DIGITAL LIBRARY
OPERATIONALIZING THE ZONE OF PROXIMAL DEVELOPMENT IN FOREIGN LANGUAGE WRITING INSTRUCTION
Prefectural University of Kumamoto (JAPAN)
About this paper:
Appears in: INTED2020 Proceedings
Publication year: 2020
Pages: 5389-5392
ISBN: 978-84-09-17939-8
ISSN: 2340-1079
doi: 10.21125/inted.2020.1454
Conference name: 14th International Technology, Education and Development Conference
Dates: 2-4 March, 2020
Location: Valencia, Spain
Abstract:
“If we don’t look, we won’t see.” That is the title of an Adlof & Hogan (2019) paper, in which they point out that oral language skills set the stage for the development of reading and writing skills in children, and therefore that evaluating oral skills regularly is an effective way of predicting later literacy development. Although Adlof & Hogan’s research is conducted within a different theoretical framework, their words are reminiscent of the Vygotskian concept of the “buds” of development (e.g., Bozhovich, 2009), according to which instructors should look at indicators of future development rather than just focusing on currently possessed knowledge or individual, unaided performance. This paper suggests that foreign/second/additional language (henceforth, FL) instruction should pay greater attention to this idea, focusing especially on writing instruction.

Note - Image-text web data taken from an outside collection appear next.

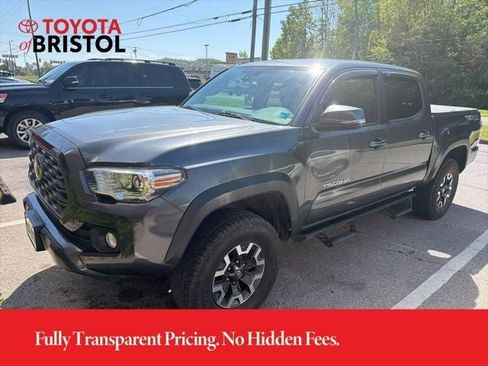 Used 2020 Toyota Tacoma TRD Off-Road AWD/4WD image 2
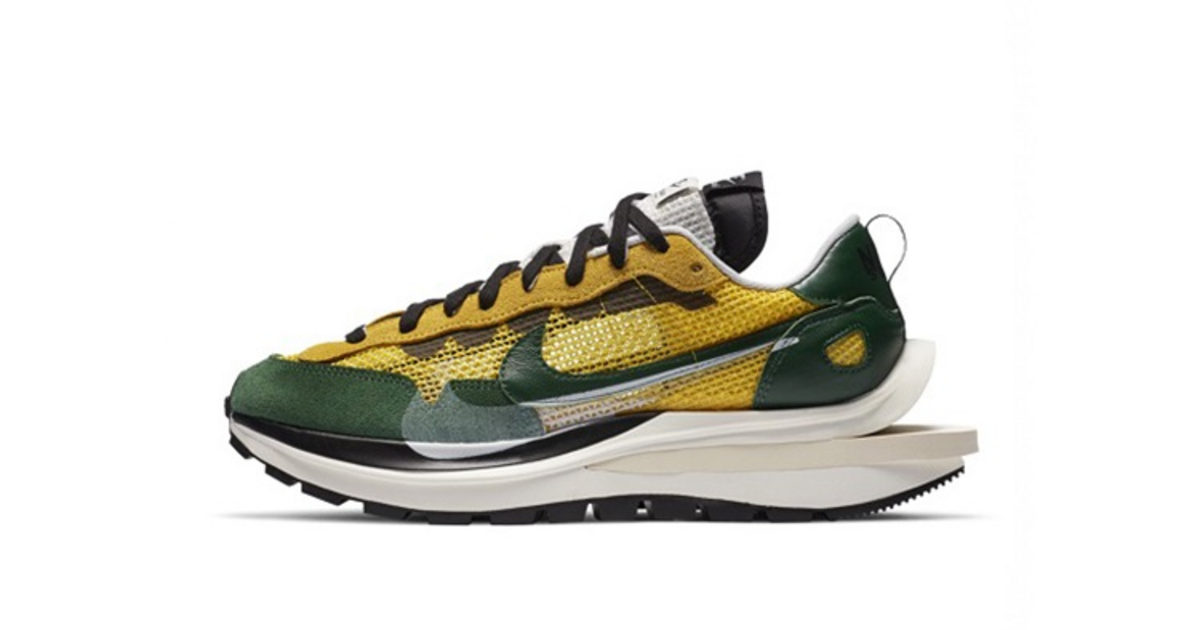 Nike x Sacai VaporWaffle Tour Yellow Dead Stock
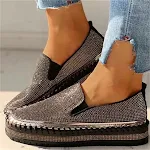 Kadın günlük loafer ayakkabılar Günlük kullanım için ideal Rahat ve şık tasarım Çok yönlü kullanım sunar Her adımda konfor ve stil Kolay kombinlenebilir ve modern görünüm — Fotoğraf 7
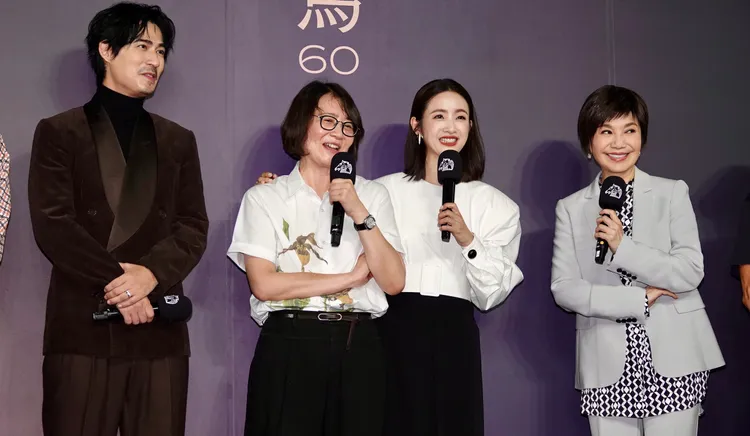 林依晨（左3）的角色有部分是以導演黃文英（左2）為原型。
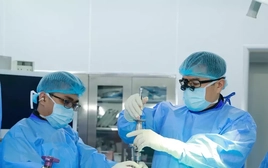 Ba công nghệ tiên tiến nâng tầm phẫu thuật cột sống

To elaborate on this notion, the paper reviews previous research in FL writing instruction. We begin with the seminal work in the sociocultural tradition of Aljaafreh and Lantolf (1994), which suggests employing Vygotsky’s notion of the zone of proximal development (ZPD; e.g., Vygotsky, 1978) to conceptualize assistance to learners and their responses to that assistance. In an effort to help individual writers correct errors made in their compositions, they suggest a framework of five stages of regulation (from other-regulation to self-regulation), to which 12 levels of assistance are mapped. The general idea is that learners requiring lower levels of assistance with a particular error display higher levels of self-regulation and are therefore more advanced in their understanding of the linguistic feature in question. Aljaafreh and Lantolf’s paper established a trend that is still visible today: an emphasis on microgenetic research where the focus is on changes that occur over the space of a few days or weeks (or sometimes even shorter periods of time). Such an emphasis allows us to observe language learning as it happens, rather than taking snapshots at intervals of multiple months or years and seeing only the results of learning. The key insight of such an approach is that students’ unaided output is not the only indicator of development; instead, we can observe learners making the same errors in “worse” or “better” ways, i.e. requiring more or less assistance to put them right. Errors made in “better” ways are likely to be eliminated from the learner’s output at a later time.

The remainder of the paper fleshes out a proposal for how to clarify the notions of the ZPD and movement through it (i.e. learning) metaphorically, and then how to quantify that change in cases where clear signs of learning are required. This includes an examination of the notions of imitation and internalization and a suggestion that consciously employing these notions may allow us to answer Bruton’s (2009) call for a greater focus on language expansion, something that is sometimes not addressed in a sufficiently systematic way in process approaches to writing (Emig, 1967, 1971). The suggestion is that, just as oral language skills “lead” the development of literacy, skills such as transcription and dictogloss (Wajnryb, 1990) may lead the development of independent writing skills and that this development can be best captured in the proposed framework.
Keywords:
Zone of proximal development, English as a foreign language, writing instruction.